Luina dan para gadis menyaksikan saat dia buru-buru meringkuk di bawah seprai dan meletakkan kepalanya di atas bantal, lalu memujinya dengan tepuk tangan meriah.
“Lihat, kamu sudah bisa menyelimuti dirimu sendiri!” puji Luina. “Kamu tahu, Marie, Ibu akan memberimu hadiah karena menjadi gadis yang begitu baik dan pintar!”
“Jangan khawatir, aku juga punya sesuatu untukmu!”
“Tidak apa-apa menjadi bersemangat untuk hadiahku, oce?”
“Yaaay! Aku cemangat!”
Mendengarkan mereka, Anima dengan cepat menjadi pucat.
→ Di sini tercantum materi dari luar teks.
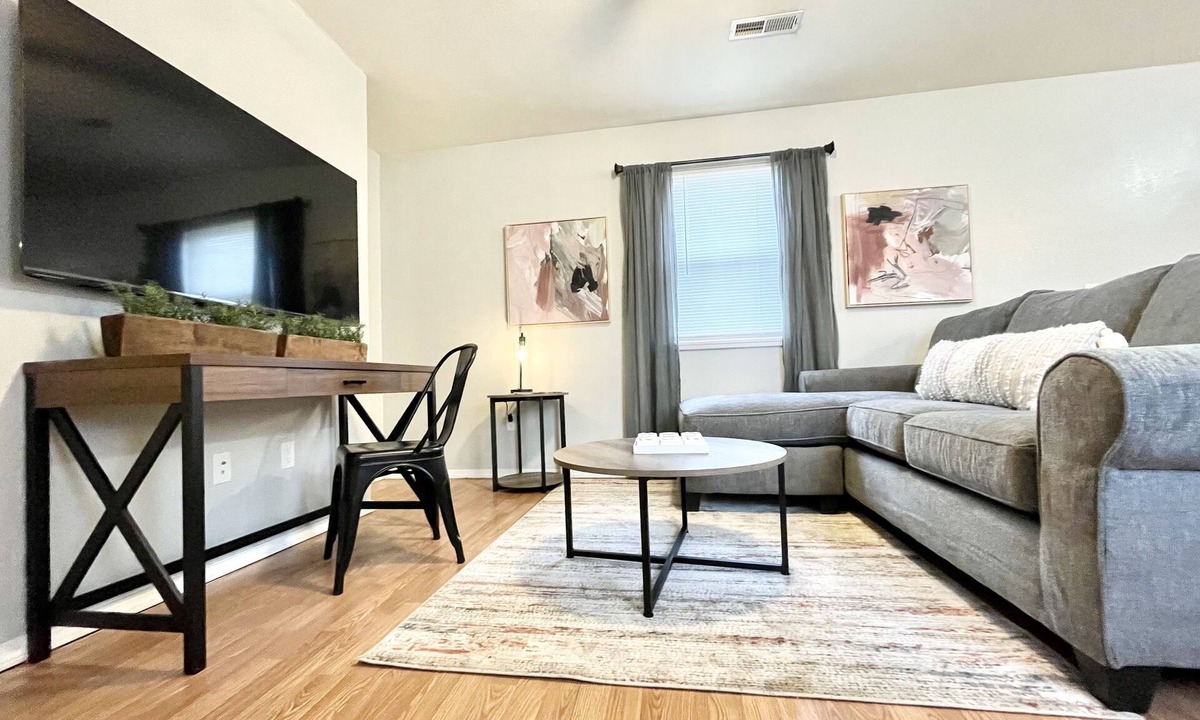 West Plains House | The Bella-922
“Apakah kamu baik-baik saja, Anima?” tanya Luina. “Kamu terlihat sakit.”
“Tidak.”
“Apa kamu yakin?”
“Sangat yakin. Aku tidak bisa sakit.”
Anima tersenyum lembut padanya, tapi jauh di lubuk hatinya, dia panik seperti dia tidak pernah panik sebelumnya.
Hadiah?! Hadiah apa?! Aku tidak punya hadiah! Anima tidak pernah tahu bahwa dia seharusnya mencarikan hadiah untuk Marie, dan pestanya akan segera tiba. Pikirannya berpacu; dia tidak bisa membiarkan dirinya tidur di malam hari tanpa terlebih dahulu mendapatkan hadiah untuk Marie. Aku harus mendapatkan sesuatu untuknya, dan segera! T-Tapi apa yang harus aku berikan?!
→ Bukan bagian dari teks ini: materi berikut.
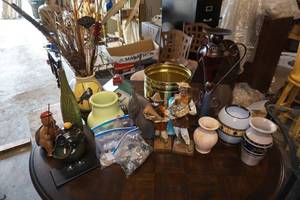 lot 216 image: Assorted Home Dcor -Statues, Vases, Rocks, Bird House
Dia harus menghindari mengecewakan Marie dengan segala cara. Menyakitinya adalah sesuatu yang tidak bisa dia biarkan. Anima sangat ingin tahu apa yang keluarganya akan berikan untuk Marie, tapi menanyakan mereka secara langsung tidak mungkin untuk dilakukan. Jika dia melakukan itu—atau lebih buruknya, muncul dengan tangan kosong—kegagalannya sebagai seorang ayah akan terungkap kepada dunia.
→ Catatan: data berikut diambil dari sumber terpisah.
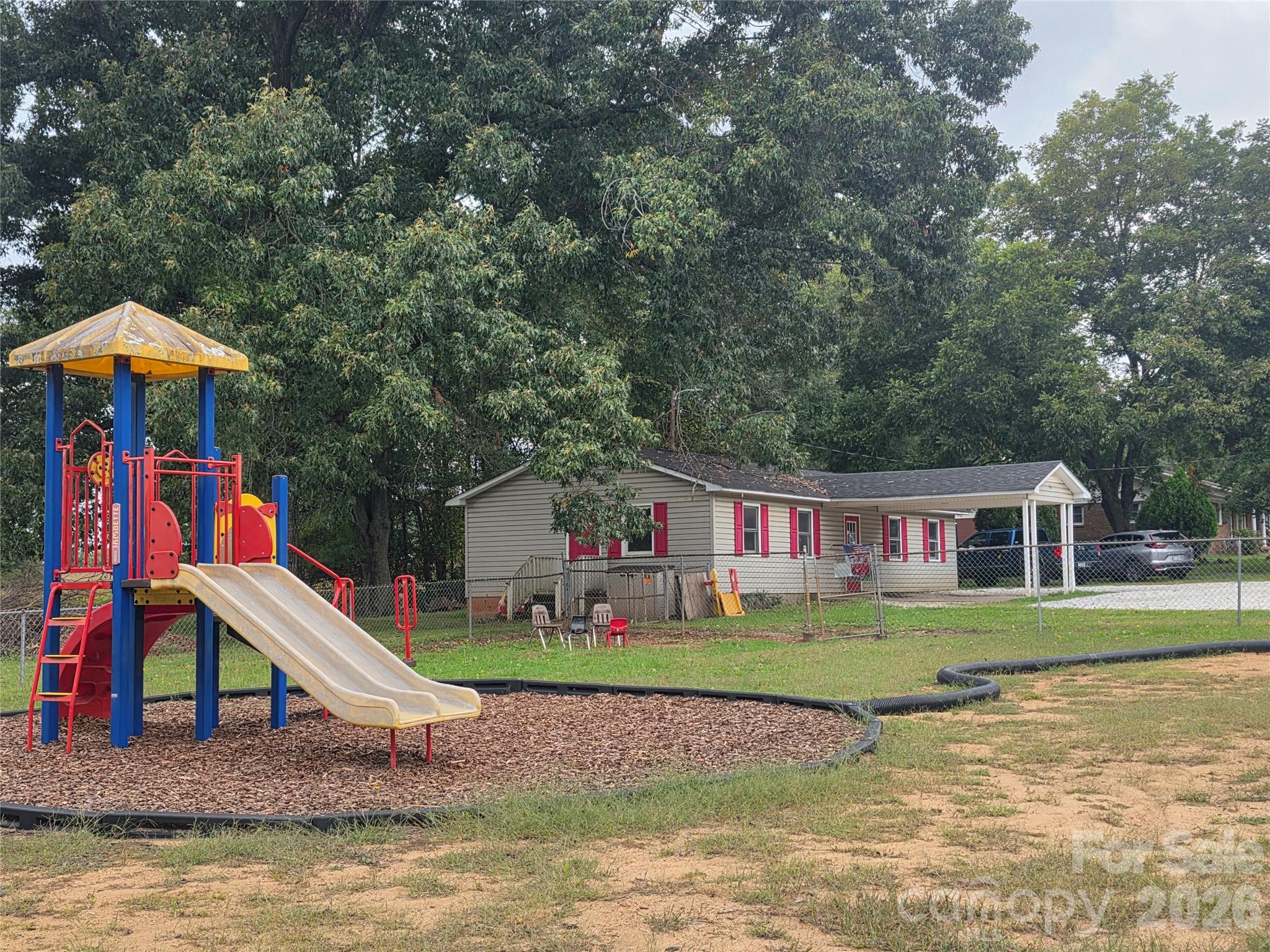 1831 Chesnee Highway Property Photo 1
“Yang benar saja? Kamu tidak punya hadiah untuknya? Menyedihkan.”
“Ayah membenciku?”
Aku tidak menginginkan itu…
Dia telah pergi jauh-jauh ke ibu kota dan bertemu dengan raja sendiri untuk mendapatkan pengampunan atas perselisihannya dengan Malshan. Itu merupakan urusan yang banyak, tapi akhirnya, tidak ada yang menghalangi kehidupan damai bersama keluarganya tercinta, dan dia tidak akan kehilangan itu. Dia harus membelikan Marie hadiah—sesuatu yang akan membuatnya bahagia. Tapi apa yang bisa dia temukan dalam waktu sesingkat itu?
Tidak ada yang bisa aku lakukan sekarang; Aku harus tidur.
Betapapun menyakitkannya, dia harus segera tidur, jangan sampai hal terburuk terjadi. Jika dia kesiangan, dia akan kehilangan kesempatan untuk bertindak sebelum pesta.
“Selamat malam, semuanya.”
“Malam!”
“Tidur yang nyenyak, oce?”
“Celamat-bobok!”
“Y-Ya. Selamat malam.”
Anima menyingkirkan hal yang mengganggu pikirannya dan pergi tidur.